Data block:
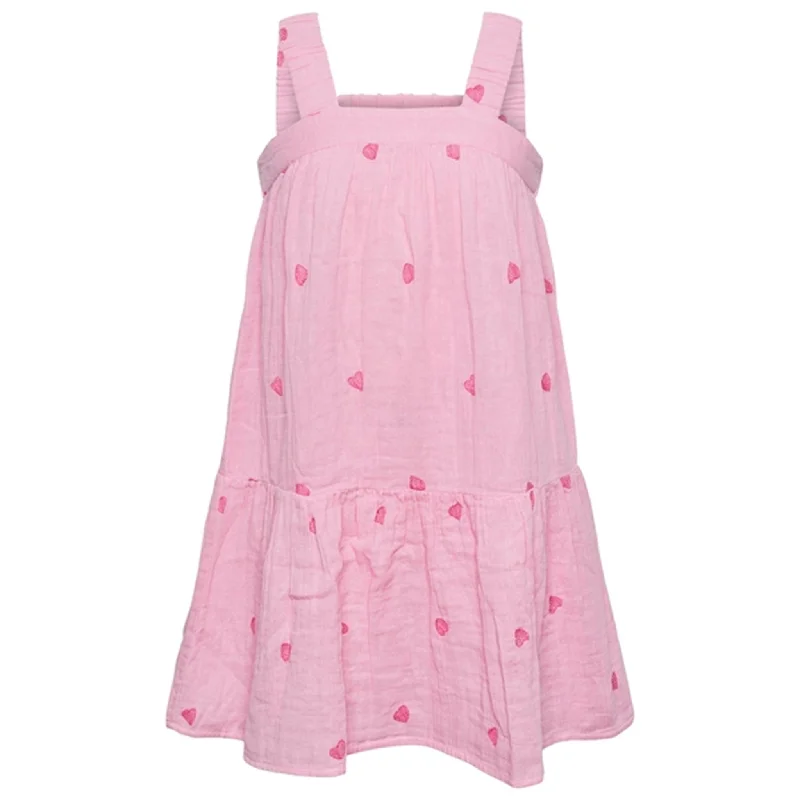 Pieces Kids Sachet Pink Kya Dress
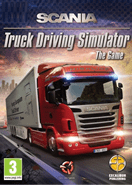 Scania Truck Driving Simulator Key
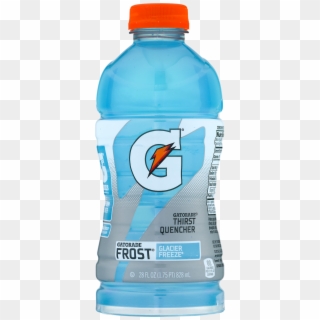 Gatorade Frost Thirst Quencher Glacier Freeze Sports - Light Purple Gatorade Frost, HD Png Download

Task instructions: All that is needed is the lines from the line holding "Scania Truck Driving Simulator Key" to the final line of the listing above, repeated exactly, pictures excluded.

Answer space:
 Scania Truck Driving Simulator Key
 Gatorade Frost Thirst Quencher Glacier Freeze Sports - Light Purple Gatorade Frost, HD Png Download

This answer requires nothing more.